■ **PROBLEM DETAILS**: Below, some lines carry pictures; leave those pictures out and retype exactly the lines from the one with "Samsun’da Otobüs Durakları" through the one with "ছয় দিনের তুরস্ক".

■ **PROVIDED DATA**:
══════════
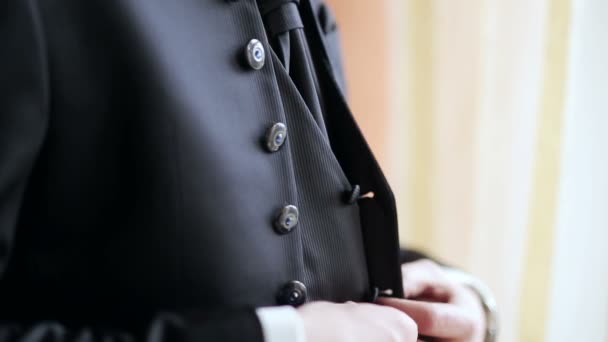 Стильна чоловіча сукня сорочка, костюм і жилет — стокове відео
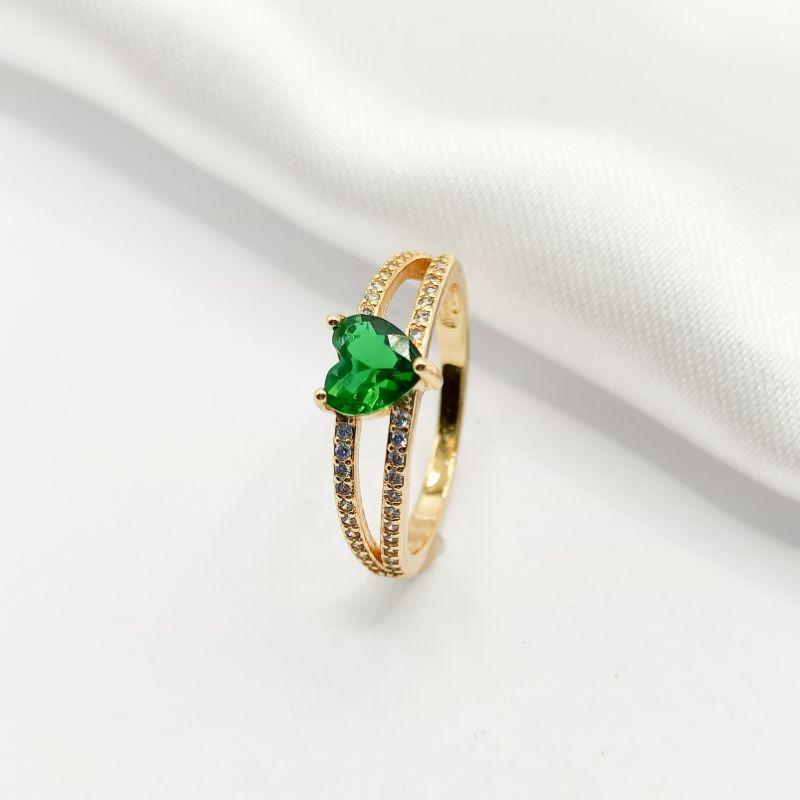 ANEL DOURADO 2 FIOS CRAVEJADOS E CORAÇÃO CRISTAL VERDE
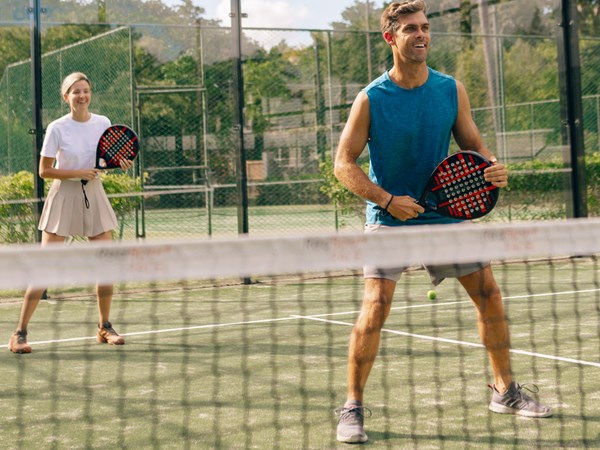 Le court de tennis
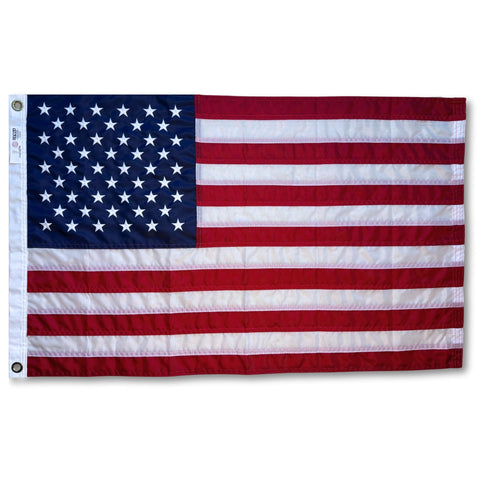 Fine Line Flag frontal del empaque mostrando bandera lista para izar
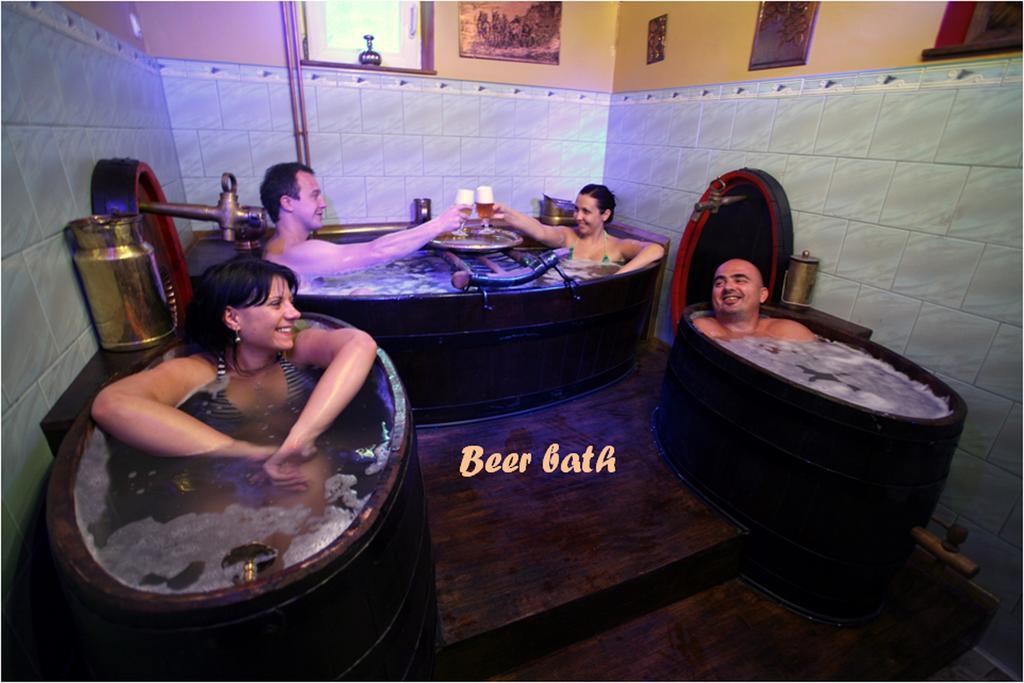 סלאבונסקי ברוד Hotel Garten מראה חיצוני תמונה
══════════
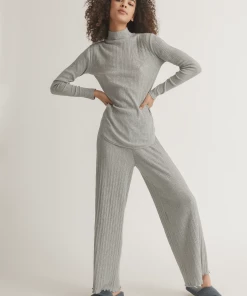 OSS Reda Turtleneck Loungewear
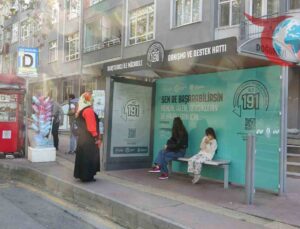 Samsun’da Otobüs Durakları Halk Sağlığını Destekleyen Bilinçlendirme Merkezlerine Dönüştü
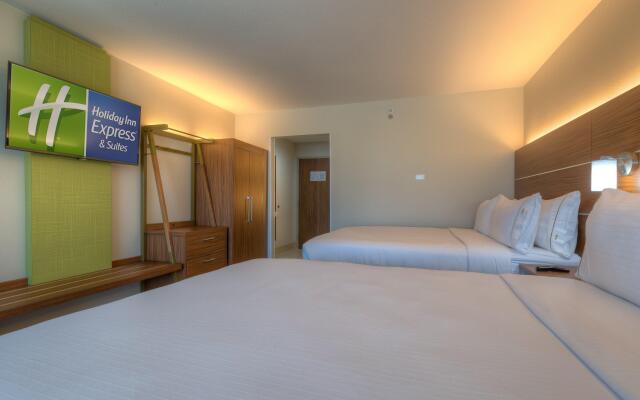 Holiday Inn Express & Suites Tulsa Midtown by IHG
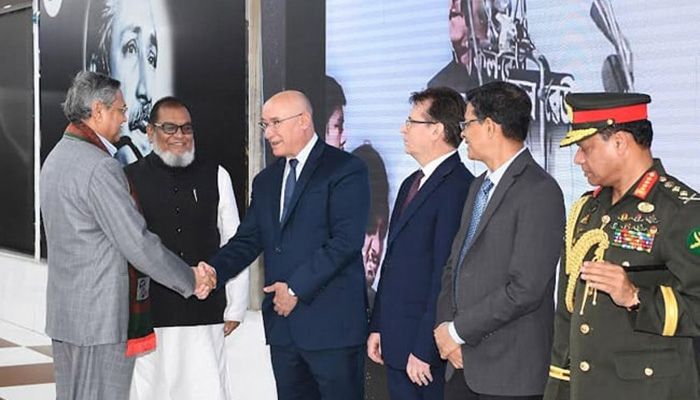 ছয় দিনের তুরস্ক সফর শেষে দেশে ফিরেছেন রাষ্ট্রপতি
══════════
■ **ANSWER FOR THE TASK**:
 Samsun’da Otobüs Durakları Halk Sağlığını Destekleyen Bilinçlendirme Merkezlerine Dönüştü
 Holiday Inn Express & Suites Tulsa Midtown by IHG
 ছয় দিনের তুরস্ক সফর শেষে দেশে ফিরেছেন রাষ্ট্রপতি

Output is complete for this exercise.